The 2008 college football season was ultimately remembered for Florida’s victory over Oklahoma for the national championship and Alabama’s return to prominence under Nick Saban. But the midmajor team that captured America’s sympathies deserves a little love themselves. The 2008 Utah football team did everything they realistically could to make their case for #1, including a memorable Sugar Bowl takedown of one of the big boys.
Utah was no stranger to undefeated seasons and major bowl victories, as strange as that might sound. The 2004 Utes enjoyed a perfect regular season and won the Fiesta Bowl, getting their coach, Urban Meyer, the chance to move up and win at Florida. But that ’04 team had played a much more pedestrian schedule and their bowl opponent was a four-loss Pitt team, mediocre by major bowl standards. 2008 was different.
Brian Johnson was at quarterback, and the team had future NFL talent on the defensive side, with Paul Kruger at end and Sean Smith on the corner.
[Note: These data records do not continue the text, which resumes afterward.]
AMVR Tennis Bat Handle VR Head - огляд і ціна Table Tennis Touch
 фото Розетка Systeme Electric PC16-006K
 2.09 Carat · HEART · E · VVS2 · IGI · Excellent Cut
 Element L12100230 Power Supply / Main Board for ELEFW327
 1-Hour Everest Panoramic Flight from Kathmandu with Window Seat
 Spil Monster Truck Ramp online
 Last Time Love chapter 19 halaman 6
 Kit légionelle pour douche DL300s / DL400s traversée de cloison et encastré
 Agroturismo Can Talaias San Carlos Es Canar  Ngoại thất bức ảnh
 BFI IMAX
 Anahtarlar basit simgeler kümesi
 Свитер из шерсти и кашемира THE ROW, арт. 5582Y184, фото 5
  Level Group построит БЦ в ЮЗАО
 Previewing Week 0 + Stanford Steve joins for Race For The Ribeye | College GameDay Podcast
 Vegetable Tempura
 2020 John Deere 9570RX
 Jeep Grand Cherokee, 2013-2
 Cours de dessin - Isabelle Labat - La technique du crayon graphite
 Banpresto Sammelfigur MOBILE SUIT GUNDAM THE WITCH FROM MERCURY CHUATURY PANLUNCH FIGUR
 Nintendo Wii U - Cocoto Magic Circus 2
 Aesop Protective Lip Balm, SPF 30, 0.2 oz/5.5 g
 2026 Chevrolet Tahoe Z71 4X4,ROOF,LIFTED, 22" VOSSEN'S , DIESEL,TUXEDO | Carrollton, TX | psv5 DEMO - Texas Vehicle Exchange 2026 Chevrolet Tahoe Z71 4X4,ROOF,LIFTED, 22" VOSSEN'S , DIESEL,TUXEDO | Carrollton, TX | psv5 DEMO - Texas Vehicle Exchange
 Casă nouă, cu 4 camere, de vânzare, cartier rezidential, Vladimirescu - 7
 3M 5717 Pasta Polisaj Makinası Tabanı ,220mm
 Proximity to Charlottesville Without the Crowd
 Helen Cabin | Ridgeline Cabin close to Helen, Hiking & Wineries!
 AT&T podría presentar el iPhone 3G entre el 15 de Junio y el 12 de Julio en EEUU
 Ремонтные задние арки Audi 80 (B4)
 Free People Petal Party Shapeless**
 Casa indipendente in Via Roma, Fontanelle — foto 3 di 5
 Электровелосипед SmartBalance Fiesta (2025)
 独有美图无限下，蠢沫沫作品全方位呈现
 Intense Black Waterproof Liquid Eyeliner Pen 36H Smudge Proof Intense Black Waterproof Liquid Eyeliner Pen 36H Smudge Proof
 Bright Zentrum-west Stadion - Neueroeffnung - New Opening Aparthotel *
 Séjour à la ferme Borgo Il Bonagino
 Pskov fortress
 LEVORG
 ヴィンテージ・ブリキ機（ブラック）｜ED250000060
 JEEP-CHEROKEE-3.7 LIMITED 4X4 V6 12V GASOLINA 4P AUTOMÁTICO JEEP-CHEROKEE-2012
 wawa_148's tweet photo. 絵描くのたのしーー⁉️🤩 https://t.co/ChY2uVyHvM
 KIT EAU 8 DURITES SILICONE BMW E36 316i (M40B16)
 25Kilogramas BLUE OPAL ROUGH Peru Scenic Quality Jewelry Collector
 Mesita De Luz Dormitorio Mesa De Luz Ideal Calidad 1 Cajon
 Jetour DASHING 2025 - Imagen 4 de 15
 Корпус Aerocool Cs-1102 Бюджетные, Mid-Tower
Utah went to Ann Arbor to start the season and got the Rich Rodriguez era at Michigan off to a poor start with a 25-23 win. Utah also went outside the confines of their Mountain West Conference and beat Oregon State 31-28. The Beavers would end the year 8-4.
Utah also decisively beat a 10-2 BYU team, 48-24 and survived a tough 13-10 fight against TCU. The Horned Frogs were on their way to a ten-win season and just a year away from a run that would see them win 24 straight regular season games and the Rose Bowl following the 2010 season.
It was good enough to get Utah a ticket to the Sugar Bowl. The opponent was Alabama, who had lost only to Florida, and the Tide led that after three quarters.
Johnson came out blazing in New Orleans and completed five passes to five different receivers, and Utah took a 7-0 lead. An interception led to another touchdown. Then Johnson got the ball back and again reeled off five more completions. Before the first quarter was out, the Utes had a 21-zip lead.
Alabama came fighting back, and cut the lead to 21-17 in the third quarter. Utah drove to the Alabama 28. Johnson turned a 3rd-and-10 into another touchdown pass, Utah added a field goal and the 31-17 upset was complete.
The 2008 Utah football team was unlike 2004 not just in the quality of teams they beat, but in the circumstances surrounding them. 2004 had USC and Auburn each finish the bowl season with a perfect record. Florida and Oklahoma already had a loss apiece when they met for the national title. It produced a wave of sentiment to give Utah the AP national title, voted on by the writers. The coaches’ poll was contractually obligated to take the Florida-Oklahoma winner.
Utah didn’t get a national title—but they did get 16 votes for #1, a surprisingly large number. And other than power conference apologists, who insist the only possible explanation for the Sugar Bowl was that Alabama didn’t care, Utah had impressed a nation.